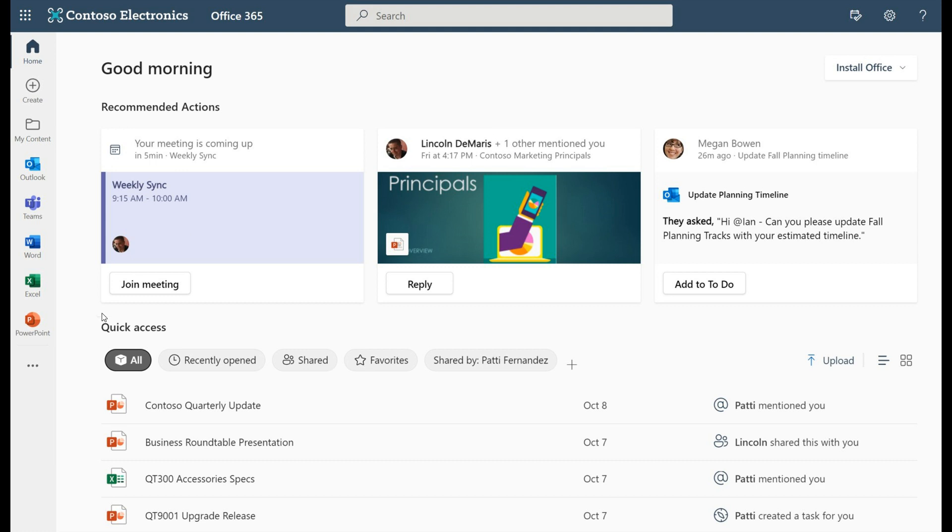Now here we can see in the quick access section you can have all your documents recently opened, shared, favorites, and then in the recommended actions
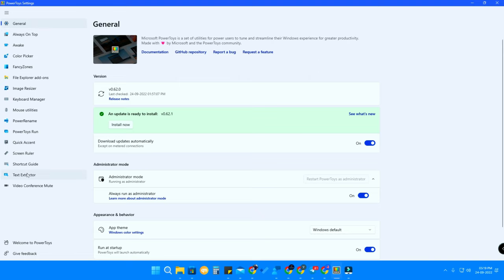Once you have the application, you'll see a lot of different features on the left side. PowerToys is one of the best utility tools for your PC, whether you're using Windows 11, 10, or 8. There are a lot of different features that will be really helpful for real-time usage.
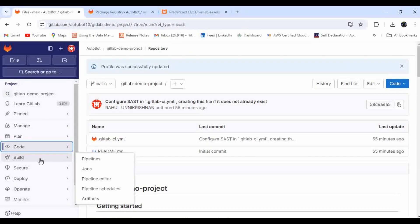Hello everyone, welcome to Autopot YouTube channel. My name is Rahmani Krishna. Today, we are going to see how you can publish or deploy a package to the package registry in GitLab.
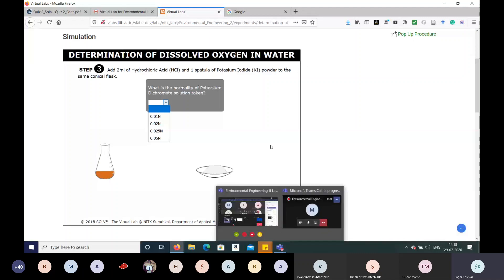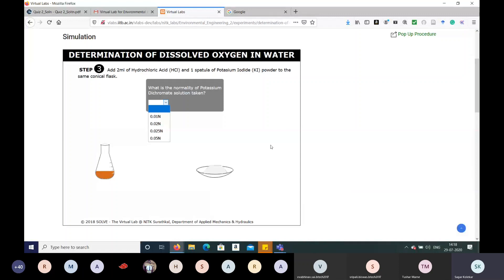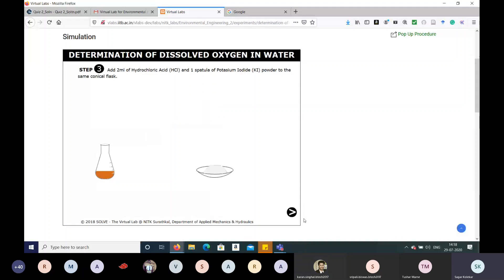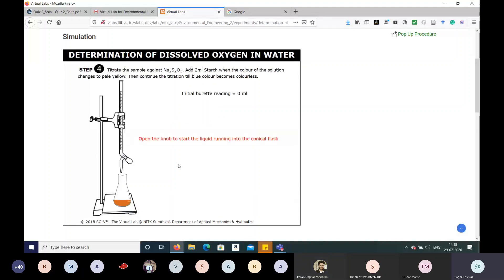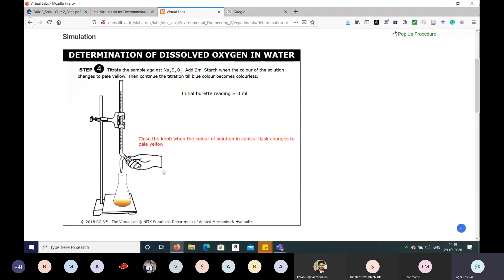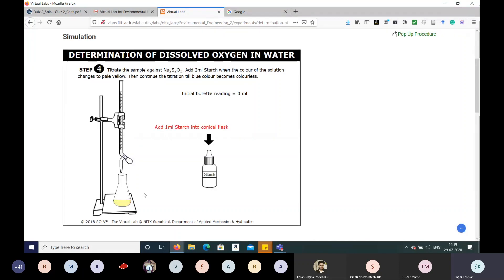The normality of potassium dichromate taken is 0.025 — that is the correct answer. Now titrate the sample against sodium thiosulfate. Add 2 mL of starch when the color of the solution changes to pale yellow, then continue the titration until the blue color becomes colorless. Start the titration and observe the color changing to pale yellow, then close the knob.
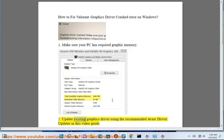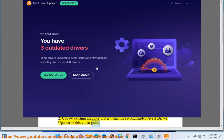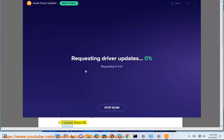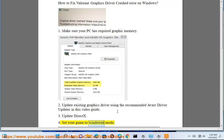Update your existing graphics driver using the recommended Avast driver updater shown in this video guide. Update the Actex. Step 4: Set your game to windowed mode.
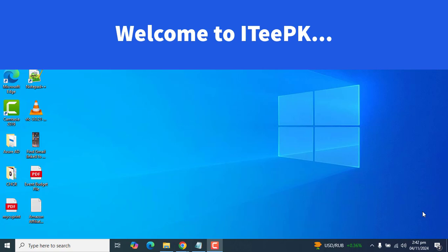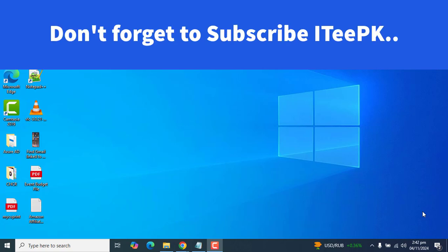Hello everyone, welcome to ITeePK. In today's quick tutorial, we will see how to find the IP address of your computer on any Windows device. If you like this video, please consider subscribing and commenting. So let's begin.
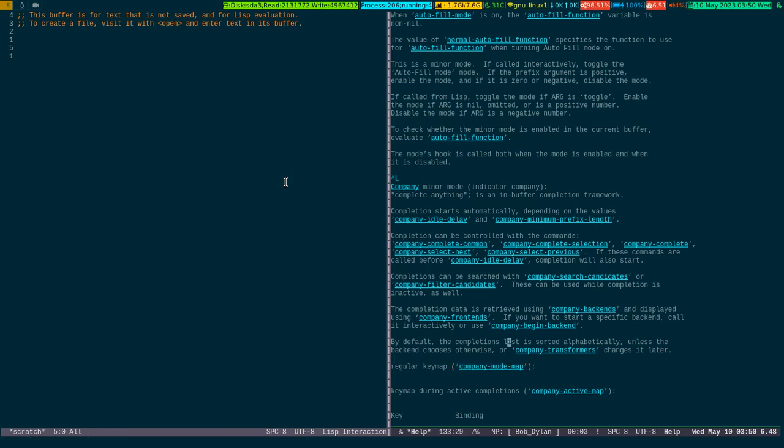Look at the right-hand side buffer. You see my cursor is hovering over there. By default, the completion list is sorted alphabetically unless the backend chooses otherwise. You can see this is company mode map.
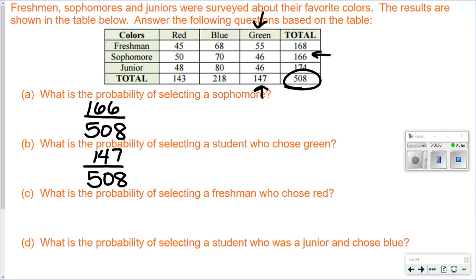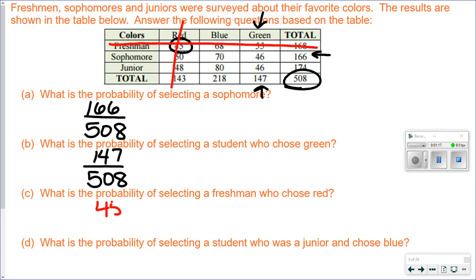Part C. What is the probability of selecting a freshman who chose red? I need to find a freshman that chose red. Freshman and red is right here — that's where those two rows and columns meet. I draw a line: here's my freshman, here's my red. So it's 45 out of 508.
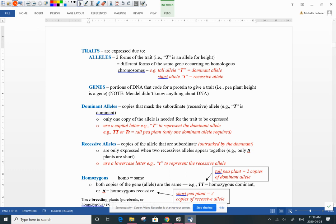Here is video number two in our genetics lesson for this week. This is my favorite unit — we talked about Mendelian ratios, a 3 to 1 ratio.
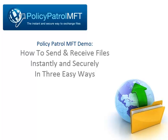Welcome to the Policy Patrol MFT demo. Policy Patrol MFT is a managed file transfer solution that allows your users to send and receive large and confidential files instantly and securely. In this demo I will show you how you can send and receive files with Policy Patrol MFT in three easy ways.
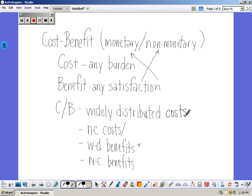Then there's narrowly concentrated costs — things like factory air emission standards, high capital gains taxes for the wealthy, and gun control regulations. Then there's widely distributed benefits, labeled WD: social security benefits, strong national security, clean air, and federal highways. Narrowly concentrated benefits would be farm subsidies, tariffs, and exemption from antitrust legislation. Those are what the WD and NC benefits and costs stand for.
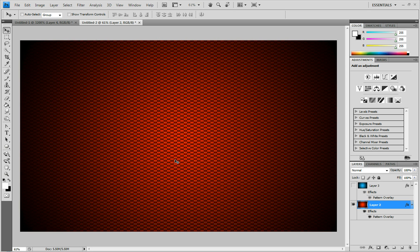Hey everyone, NitroLandTutorials here, and in this tutorial, I'm going to be showing you how to make a pattern that you can save as a pattern preset and use as a texture or anything you want.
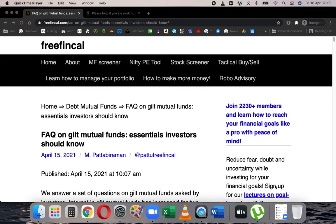Hi, I'm Pattu from Freefincal. Today let's talk about gilt mutual funds and some frequently asked questions on them. I asked Facebook group 'Asan Ideas for Wealth' members to list some questions and got quite a few. I've answered half of them in this article — I'll leave the article in the first comment or you can get it in the community page.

[The task] Return nothing but the lines running from the start of the data to the line with "Update your existing", please, both ends included and no pictures.

[Answer section]
Now here we can see in the quick access section you can have all your documents recently opened, shared, favorites, and then in the recommended actions
Once you have the application, you'll see a lot of different features on the left side. PowerToys is one of the best utility tools for your PC, whether you're using Windows 11, 10, or 8. There are a lot of different features that will be really helpful for real-time usage.
Hello everyone, welcome to Autopot YouTube channel. My name is Rahmani Krishna. Today, we are going to see how you can publish or deploy a package to the package registry in GitLab.
The normality of potassium dichromate taken is 0.025 — that is the correct answer. Now titrate the sample against sodium thiosulfate. Add 2 mL of starch when the color of the solution changes to pale yellow, then continue the titration until the blue color becomes colorless. Start the titration and observe the color changing to pale yellow, then close the knob.
Update your existing graphics driver using the recommended Avast driver updater shown in this video guide. Update the Actex. Step 4: Set your game to windowed mode.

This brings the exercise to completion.